Things that have been thinking about when releasing a new feature in a B2B SaaS environment:
- Logs - If a customer reports a problem, can we track down at what point there was an issue? In a complex system with multiple layers, tracking when an issue happened can be troublesome. Logs leave breadcrumbs that can paint a better picture of what’s happening. Tools like DataDog, can then ingest these logs and generate metrics out of them. GCP does this, but it’s not as nice.

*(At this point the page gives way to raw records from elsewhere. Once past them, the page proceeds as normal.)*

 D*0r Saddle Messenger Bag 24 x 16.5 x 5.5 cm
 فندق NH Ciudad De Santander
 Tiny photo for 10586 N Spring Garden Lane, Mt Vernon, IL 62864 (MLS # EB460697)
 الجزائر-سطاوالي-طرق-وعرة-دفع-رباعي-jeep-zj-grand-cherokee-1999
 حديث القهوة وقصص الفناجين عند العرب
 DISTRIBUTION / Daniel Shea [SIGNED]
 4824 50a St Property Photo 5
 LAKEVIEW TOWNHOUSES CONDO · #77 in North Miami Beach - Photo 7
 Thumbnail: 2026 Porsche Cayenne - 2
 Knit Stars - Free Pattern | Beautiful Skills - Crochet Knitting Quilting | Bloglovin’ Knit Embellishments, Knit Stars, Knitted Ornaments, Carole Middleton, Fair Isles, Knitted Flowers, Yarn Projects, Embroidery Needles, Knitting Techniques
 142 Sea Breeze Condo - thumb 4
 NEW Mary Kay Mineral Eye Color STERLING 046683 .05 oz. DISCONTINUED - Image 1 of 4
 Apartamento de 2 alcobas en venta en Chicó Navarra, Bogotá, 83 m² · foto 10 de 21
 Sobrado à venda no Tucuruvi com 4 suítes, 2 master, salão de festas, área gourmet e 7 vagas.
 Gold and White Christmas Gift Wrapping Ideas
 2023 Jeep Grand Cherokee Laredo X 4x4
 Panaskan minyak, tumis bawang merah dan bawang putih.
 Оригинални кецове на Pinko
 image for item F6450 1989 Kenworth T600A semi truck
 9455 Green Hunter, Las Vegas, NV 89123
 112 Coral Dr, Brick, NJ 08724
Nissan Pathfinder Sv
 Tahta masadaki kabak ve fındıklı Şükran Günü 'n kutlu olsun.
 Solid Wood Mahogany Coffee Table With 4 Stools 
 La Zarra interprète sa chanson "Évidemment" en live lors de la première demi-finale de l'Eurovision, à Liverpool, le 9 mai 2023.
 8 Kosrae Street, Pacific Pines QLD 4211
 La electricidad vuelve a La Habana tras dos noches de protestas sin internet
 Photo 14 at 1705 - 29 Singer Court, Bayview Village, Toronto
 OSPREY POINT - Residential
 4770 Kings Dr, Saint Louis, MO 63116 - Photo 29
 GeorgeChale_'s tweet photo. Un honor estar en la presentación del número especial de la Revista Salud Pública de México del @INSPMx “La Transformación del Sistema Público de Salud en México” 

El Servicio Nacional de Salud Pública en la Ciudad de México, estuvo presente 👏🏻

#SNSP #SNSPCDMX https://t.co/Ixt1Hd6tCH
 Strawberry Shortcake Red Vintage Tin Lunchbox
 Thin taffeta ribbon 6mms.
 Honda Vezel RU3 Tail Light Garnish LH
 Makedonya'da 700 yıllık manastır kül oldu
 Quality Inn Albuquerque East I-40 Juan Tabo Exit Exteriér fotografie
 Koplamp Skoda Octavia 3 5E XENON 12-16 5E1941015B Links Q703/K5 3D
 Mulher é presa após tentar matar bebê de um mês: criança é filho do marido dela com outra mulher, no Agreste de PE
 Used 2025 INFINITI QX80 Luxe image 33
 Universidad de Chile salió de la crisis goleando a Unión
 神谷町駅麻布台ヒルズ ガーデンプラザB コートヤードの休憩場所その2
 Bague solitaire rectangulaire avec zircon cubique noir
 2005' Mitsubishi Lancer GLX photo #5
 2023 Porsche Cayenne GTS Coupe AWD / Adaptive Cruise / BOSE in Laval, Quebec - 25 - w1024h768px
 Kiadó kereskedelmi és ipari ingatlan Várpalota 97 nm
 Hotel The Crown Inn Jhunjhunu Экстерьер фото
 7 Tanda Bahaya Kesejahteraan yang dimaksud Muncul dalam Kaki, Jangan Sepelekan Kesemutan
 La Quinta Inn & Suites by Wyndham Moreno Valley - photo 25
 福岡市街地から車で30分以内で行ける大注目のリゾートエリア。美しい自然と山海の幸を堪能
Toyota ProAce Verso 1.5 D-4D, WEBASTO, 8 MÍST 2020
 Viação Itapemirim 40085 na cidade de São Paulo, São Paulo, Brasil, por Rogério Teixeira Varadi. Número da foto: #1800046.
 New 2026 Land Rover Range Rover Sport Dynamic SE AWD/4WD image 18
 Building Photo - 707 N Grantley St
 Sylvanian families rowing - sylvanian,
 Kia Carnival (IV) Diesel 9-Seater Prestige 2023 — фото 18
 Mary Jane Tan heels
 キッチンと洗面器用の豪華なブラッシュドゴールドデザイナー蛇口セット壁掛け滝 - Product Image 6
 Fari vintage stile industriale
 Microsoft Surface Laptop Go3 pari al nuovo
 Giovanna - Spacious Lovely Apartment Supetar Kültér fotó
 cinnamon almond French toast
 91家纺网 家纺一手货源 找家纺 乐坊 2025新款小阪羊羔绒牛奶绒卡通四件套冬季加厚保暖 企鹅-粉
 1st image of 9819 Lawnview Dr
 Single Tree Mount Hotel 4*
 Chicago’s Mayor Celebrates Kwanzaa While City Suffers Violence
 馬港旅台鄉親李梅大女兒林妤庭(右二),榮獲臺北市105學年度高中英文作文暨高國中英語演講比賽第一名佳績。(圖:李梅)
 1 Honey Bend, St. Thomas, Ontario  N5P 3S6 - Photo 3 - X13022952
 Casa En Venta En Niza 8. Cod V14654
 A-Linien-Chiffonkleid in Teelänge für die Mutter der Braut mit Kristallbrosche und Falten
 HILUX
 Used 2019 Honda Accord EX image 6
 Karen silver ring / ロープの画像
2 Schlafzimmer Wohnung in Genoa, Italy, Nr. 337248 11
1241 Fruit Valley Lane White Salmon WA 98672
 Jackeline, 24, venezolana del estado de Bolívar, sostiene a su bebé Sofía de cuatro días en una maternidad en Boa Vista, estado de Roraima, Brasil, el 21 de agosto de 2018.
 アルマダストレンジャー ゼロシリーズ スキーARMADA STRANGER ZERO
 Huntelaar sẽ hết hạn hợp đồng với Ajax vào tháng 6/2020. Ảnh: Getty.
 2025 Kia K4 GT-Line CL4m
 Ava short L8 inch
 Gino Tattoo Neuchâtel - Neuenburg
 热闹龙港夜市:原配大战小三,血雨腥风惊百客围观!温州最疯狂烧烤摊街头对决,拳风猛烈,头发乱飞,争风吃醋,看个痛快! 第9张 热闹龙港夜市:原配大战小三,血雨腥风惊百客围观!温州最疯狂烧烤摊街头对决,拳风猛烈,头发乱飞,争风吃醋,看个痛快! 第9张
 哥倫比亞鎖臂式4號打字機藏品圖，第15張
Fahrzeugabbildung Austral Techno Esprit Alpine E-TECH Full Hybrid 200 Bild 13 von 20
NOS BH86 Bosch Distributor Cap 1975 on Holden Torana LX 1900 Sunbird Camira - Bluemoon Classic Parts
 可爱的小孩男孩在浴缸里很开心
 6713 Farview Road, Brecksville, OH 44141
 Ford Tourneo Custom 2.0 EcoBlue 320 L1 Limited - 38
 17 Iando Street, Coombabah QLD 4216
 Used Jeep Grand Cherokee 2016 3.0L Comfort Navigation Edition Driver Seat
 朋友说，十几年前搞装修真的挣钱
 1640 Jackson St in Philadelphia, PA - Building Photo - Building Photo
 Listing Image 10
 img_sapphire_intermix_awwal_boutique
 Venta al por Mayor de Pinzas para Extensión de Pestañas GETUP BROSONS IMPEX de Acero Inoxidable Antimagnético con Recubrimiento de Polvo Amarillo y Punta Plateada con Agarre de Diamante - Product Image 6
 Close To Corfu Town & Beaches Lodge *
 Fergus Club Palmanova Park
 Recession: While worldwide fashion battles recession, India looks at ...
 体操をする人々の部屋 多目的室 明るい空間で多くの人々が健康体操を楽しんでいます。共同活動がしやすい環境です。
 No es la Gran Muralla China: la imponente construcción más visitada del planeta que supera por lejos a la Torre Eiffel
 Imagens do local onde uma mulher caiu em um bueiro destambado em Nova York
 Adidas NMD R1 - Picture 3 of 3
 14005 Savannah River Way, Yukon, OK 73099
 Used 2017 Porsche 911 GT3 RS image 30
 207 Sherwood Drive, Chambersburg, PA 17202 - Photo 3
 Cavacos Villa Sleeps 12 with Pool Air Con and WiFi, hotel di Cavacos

- Feature Flags - Feature flags can split traffic from an entirely new feature, to a previous one - or even cut it entirely. If it’s a completely new feature, I am not entirely sure if it makes sense - if the interaction is via endpoints. In a B2C consumer facing product, one can hide a button, or a menu, if a feature is broken. The remaining experience to the end-user still works. Via endpoints is something I need to further think about. When changing an existing feature in the backend, sometimes it requires a change in the DB Schema - which might be incompatible with the previous one. It’s possible to have two at the same time and revert to the stable path, if the feature is broken. I am just not sure if it warrants the trouble.
- Gradual rollouts - Most IaaS (e.g. GCP, AWS) provide gradual rollouts. After a release is made, a % of the traffic can be pointed to the new revision. This allows one to test the waters with a small percentage of the traffic before fully committing.
- Error Handler - Things like Sentry and others are essential these days. They report crashes when they happen and group problems of the same nature, so we can understand how often these can happen. They also provide things like crash stack trace, so it’s easier to pinpoint the issue.
- Observability - IaaS have the option to set alerts on the different levels of the stack. Things like SQL read/writes, queue’s subscribers rate of ingestion, number of nack (not acknowledge) messages per period of time, etc. You can set alerts at the API Gateway Level, Queues, Database and in other parts of the stack (e.g. Redis). You can then average this data across time and do other manipulations so the alerts that come out are true positives.
- Heartbeats - A service that pings a feature and expects and outcome. From outside to inside: hitting and endpoint every hour and expecting a
200as a response. Postman allows the creation of a battery of requests and have it run every X minutes. If something is wrong they will report. From inside to outside: cron job that starts some work and when it’s done a POST is sent to an external service. The external service expects to be pinged every hour.